[LISTED ENTRIES]

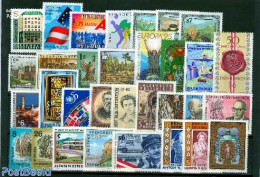 Austria 1995 Yearset 1995, Complete, 32v, Mint NH, Various - Yearsets (by Country) - Unused Stamps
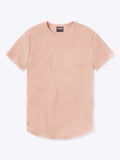 AO Curve-Hem Tee | Dusty Rose PYCA Pro®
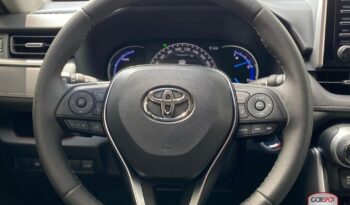 Toyota Rav4 Hybrid 2020 lleno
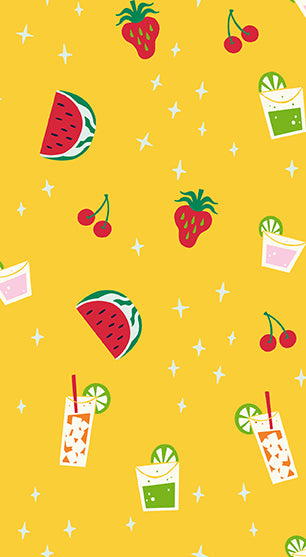 BBQ Block Party by Austin Chapman : Flat Fat Stack 8 PC 120FQBBQ1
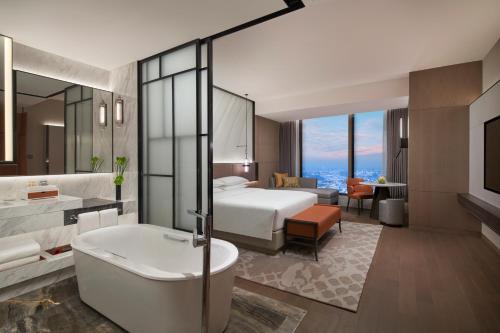 Imagen de la habitación del Hyatt Regency Changshu Kuncheng Lake. Foto 18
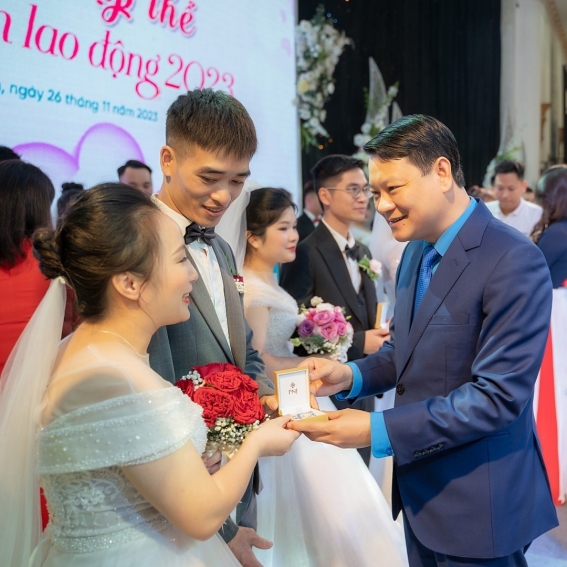 Xây dựng đời sống văn hóa công nhân – Từ nhà máy đến sân chơi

[/LISTED ENTRIES]

THE PROBLEM
Leave out every picture and copy verbatim the lines running from the line containing "Toyota Rav4 Hybrid 2020 lleno" through the final line of the data.

SOLUTION TO THIS EXERCISE
 Toyota Rav4 Hybrid 2020 lleno
 BBQ Block Party by Austin Chapman : Flat Fat Stack 8 PC 120FQBBQ1
 Imagen de la habitación del Hyatt Regency Changshu Kuncheng Lake. Foto 18
 Xây dựng đời sống văn hóa công nhân – Từ nhà máy đến sân chơi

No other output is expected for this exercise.